Thursday, January 1, 2009

Contemplations in Theology: #5

What better way to celebrate the passage of time, than a celebration of the Timeless One? So, glory to God and a Happy New Year to you all!

First, a story. On the first day of classes, at my first quarter at SPU, I was asked point-blank by my professor: "Are you an Aristotelian or a Platonist?" Not knowing what the heck this meant, I blathered. It took me another quarter, but by the middle of winter quarter I finally understood the difference. Now, I can answer with confidence: "Both."

The foundational discovery of philosophy has to be the formulation of common nouns. The whole contribution of Plato and Aristotle may be circumscribed by this single phrase.
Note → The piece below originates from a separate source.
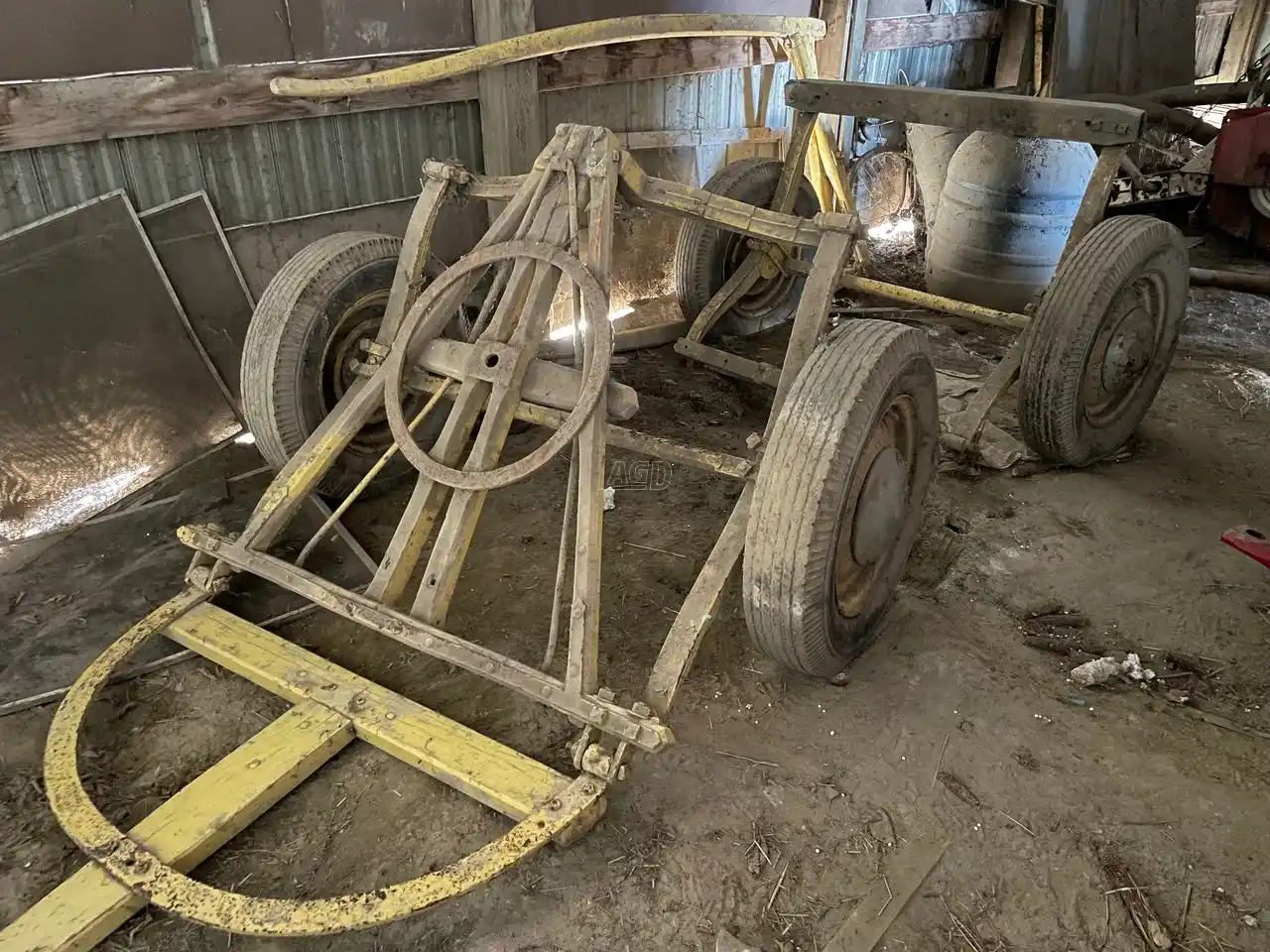 Gallery image 2 for Used Show Wagon Horse Equipment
Common nouns are not objects; they do not operate on experience or sensation. Common nouns are categories, and operate in the sphere of abstract reason. Common nouns enable us to move from discrete experiences to common descriptions; it moves us from external to internal; it enables language, communication, action. It is between experience and common nouns that our skills of inductive and deductive reasoning operate.
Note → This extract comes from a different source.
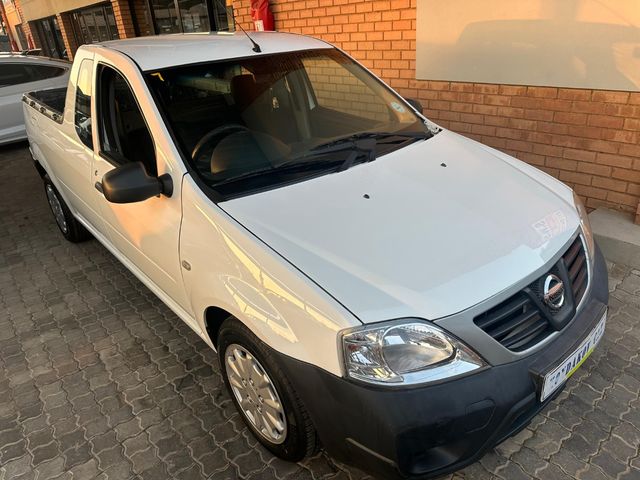 2021 Nissan NP200 1.6, photo 2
Plato taught that all reality is a corruption from the Ideal, a derivation from the Form. These are common nouns. Have you ever sat in 'a chair'? No, you've sat in a variety of physical objects that resemble the Form of a chair.
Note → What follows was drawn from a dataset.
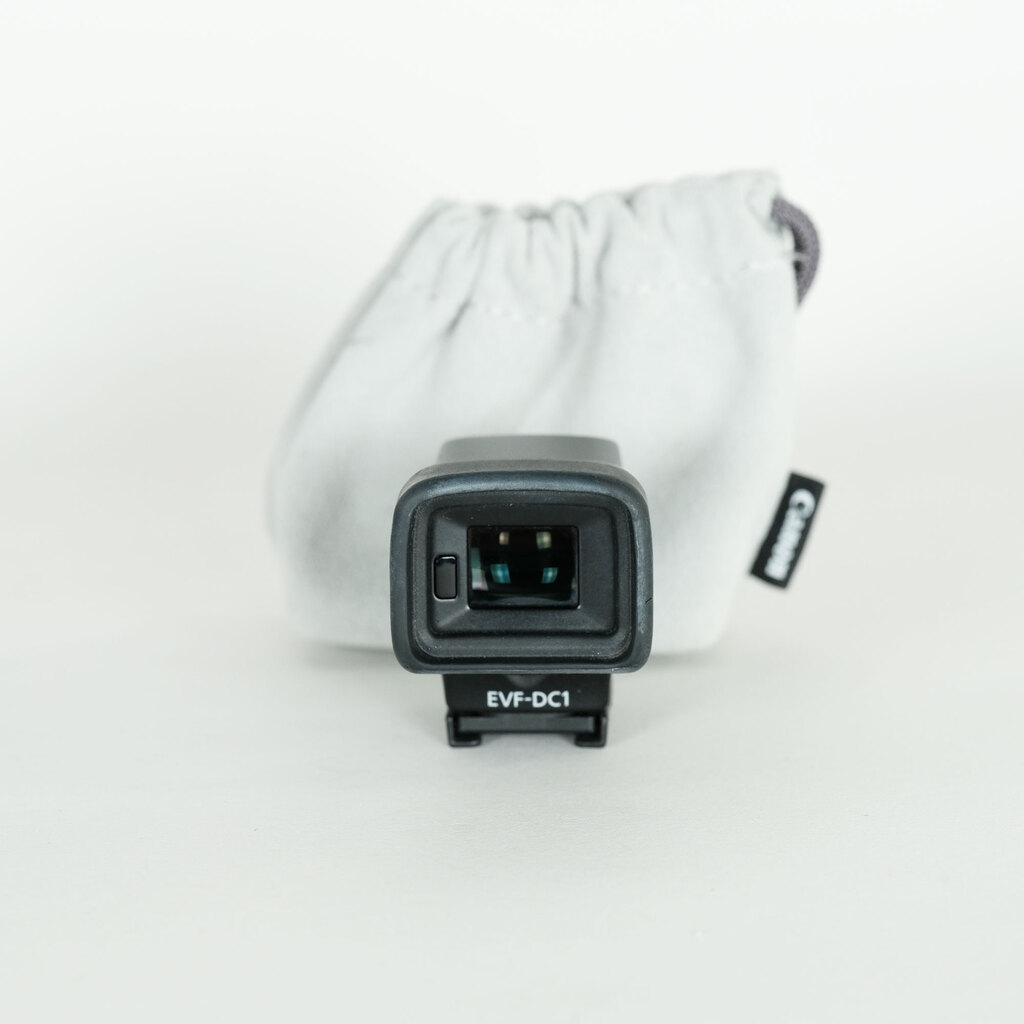 Canon EOS M3 ボディEVFキット ブラック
Aristotle disagreed. He asserted that the Forms were not the highest level of reality but were intrinsic to reality, built in to the very nature of things. Physical properties of motion were caused by natural sympathies within the objects themselves--the desire for perfection led to circular motion in the heavens, the desire for rest led to downward motion on earth. Every object was defined by four 'causes,' which encompassed all of its being. These causes are material, formal, efficient, and final. It is the final cause--the purpose or end for which an object was made--that concerns us here.

Ancient polytheistic system had gods for nearly everything: each region had a god, each labor had a god, each occasion had a god, and heaven help you if you didn't do the proper sacrifices. In classical polytheism (after Plato), there was a distinct trend towards order and harmony. The gods were not so arbitrary and ubiquitous; they represented ideals, virtues... in a word, final causes.

My first inspiration for this note is admirably obscure: have you ever considered C.S. Lewis's unusual usage of capitalization? I was reading "Till We Have Faces: A Myth Retold" at the time when I first discovered this.

I noticed that C.S. Lewis mostly used capital letters as he ought, for beginnings of sentences and for proper nouns. However, he also used them for certain words throughout the book: "Joy," "Beauty," "Truth," etc. C.S. Lewis was a consummate English professor, but his use of capital letters merely for emphasis seemed incorrect.

Then it struck me, what if Lewis's writing were following correct English usage? What if he capitalized these ideals because he thought they were proper nouns, because they were not merely the words for a category, but the name of an identity and personality?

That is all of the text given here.